6. The querist has further stated that it must also be taken into consideration
that in case of any reversal of the provision for impairment loss charged off to
revenue reserves, in any subsequent year, the amount has to be credited to the
statement of profit and loss as per AS 28. In such a situation, in the view of
the querist, no deduction from taxable income would be available for such a
reversal of the provision for accumulated impairment loss charged off to revenue
reserves, since the amount was not subjected to income tax at the time of
creating the provision. This implies that there could be a future income tax
liability arising out of the accumulated impairment loss charged off to revenue
reserves.

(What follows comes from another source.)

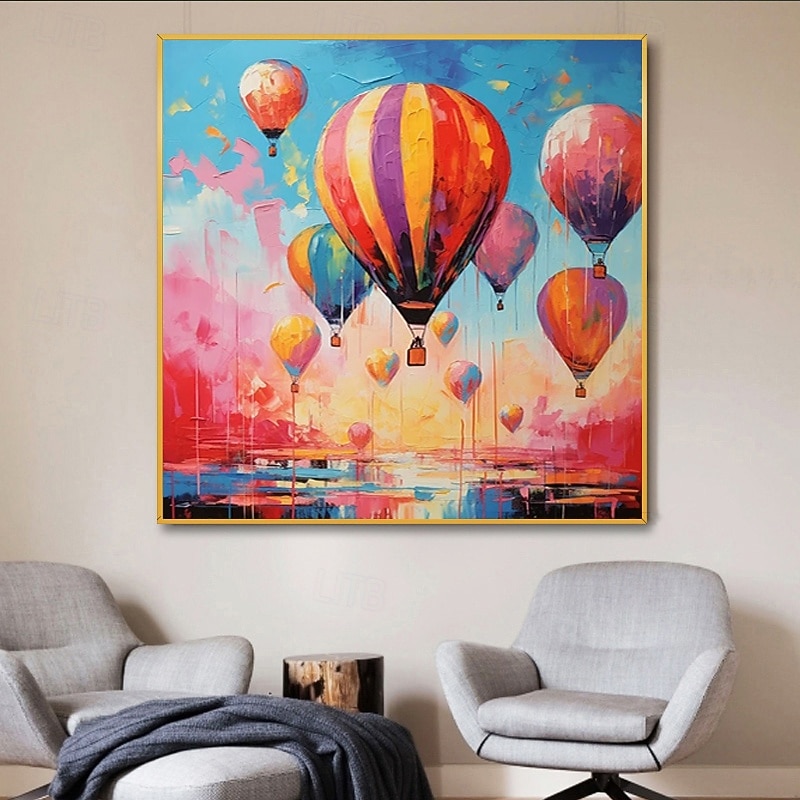 Handmade Oil Painting Canvas Wall Art Decoration Modern Abstract Hot Air Balloon Landscape for Home Decor Stretched Frame Hanging Painting/Rolled Frameless Unstretched Painting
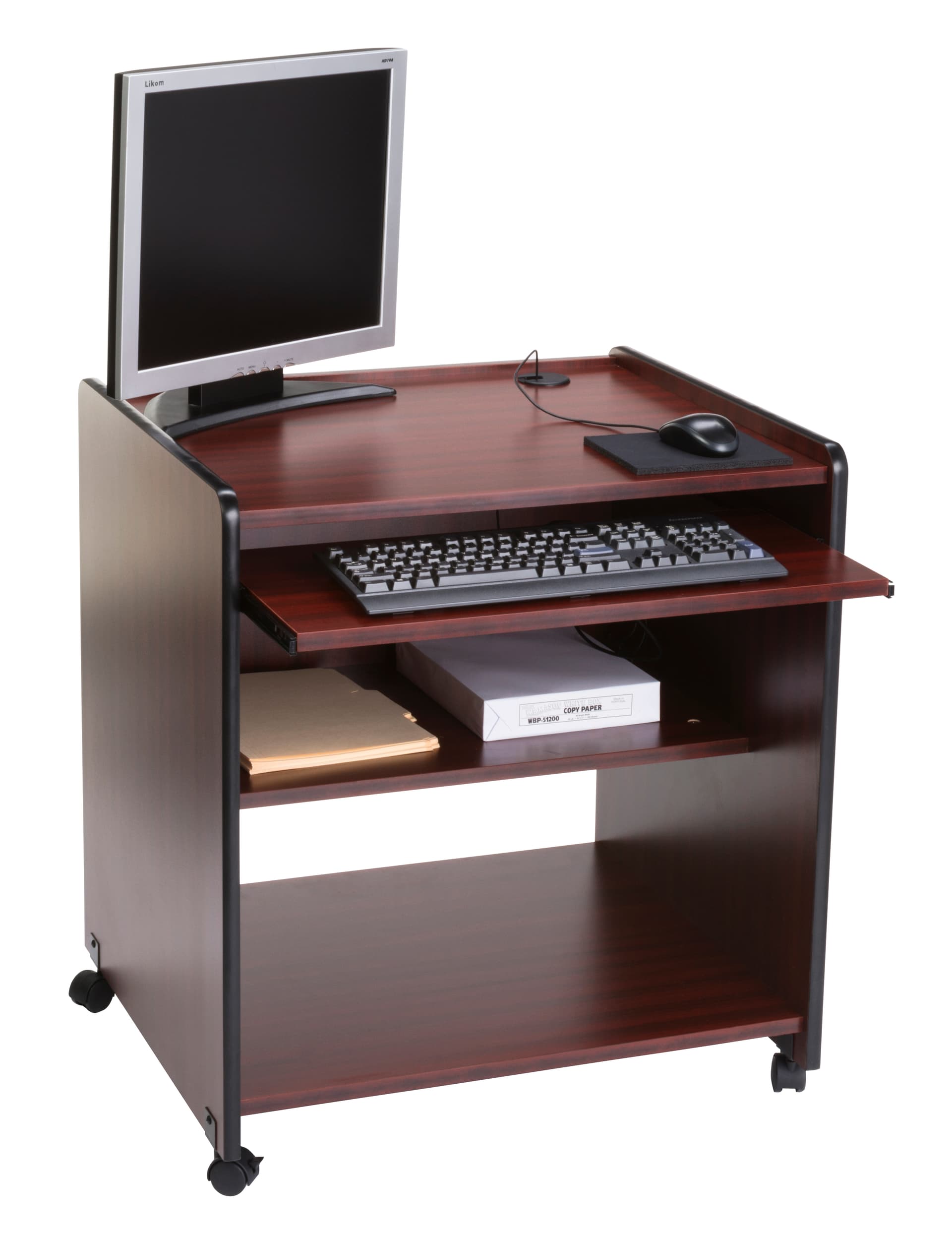 Organized Computer Cart Wood Computer Cart | Keyboard Tray & Shelf | Displays2Go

Hence, as per the querist, on the consideration of prudence, the
deferred tax liability created in the past should not be reversed, purely based
on the mechanism of computing deferred tax liability under the balance sheet
method by considering the difference between written down value (WDV) of assets
for tax purposes and the net book WDV after adjusting impairment loss in
accordance with paragraph 61 of AS 28, unless there is certainty that no
reversal of this impairment loss provision can ever take place in future.
B. Query
7. The querist has sought the opinion of the Expert Advisory Committee as to
whether there would be any deferred tax effect arising out of the charging-off
the accumulated impairment loss as on 1st April, 2004, to the revenue reserves
as per the transitional provisions under AS 28, in the year of adoption of this
Accounting Standard.
C. Points considered by the Committee
8. The Committee is of the view that the transitional provisions are provided
with a view to facilitate a smooth switch-over to a new method
of accounting. In case of AS 28, had the Standard been in effect from the
beginning, the impairment loss would have been recognised in the profit and loss
accounts of the relevant years and deferred tax would also have been recognised
in the relevant years. Therefore, effectively, as on the date of AS 28 first
becoming mandatory (i.e., on 1-4-2004 for the company), the revenue reserve
would have been adjusted to the extent of impairment loss net of deferred tax
and deferred tax asset would have been recognised separately subject to the
considerations of prudence laid down in AS 22. The impairment loss is an item of
profit and loss account, and its nature is not changed only because of the
special transitional provisions requiring its adjustment directly against the
revenue reserves. Therefore, it would be appropriate to adjust the accumulated
impairment loss net of deferred tax and to recognise the deferred tax asset
separately subject to the conditions laid down in AS 22 in respect of prudence
(reasonable certainty or virtual certainty, as the case may be). If the
conditions laid down in AS 22 are not met, the entire amount of impairment loss
should be adjusted against the revenue reserves. The reversal of the deferred
tax asset should, however, be recognised in the profit and loss account of the
year in which the reversal takes place.
9. In this context, the Committee notes that providing the deferred tax effect
on adjustment directly against revenue reserve as a transitional provision has
also been recognised in the revised Accounting Standard (AS) 15, ‘Employee
Benefits’ (paragraph 142), issued by the Institute of
Chartered Accountants of India.
D. Opinion
10. The adjustment of impairment loss directly against the revenue reserve
pursuant to the transitional provisions under AS 28, should be made net of any
related deferred tax, subject to the consideration of prudence in case of
deferred tax assets in accordance with the requirements
of AS 22. The reversal of the deferred tax asset should, however, be recognised
in the profit and loss account of the year in which the reversal takes place.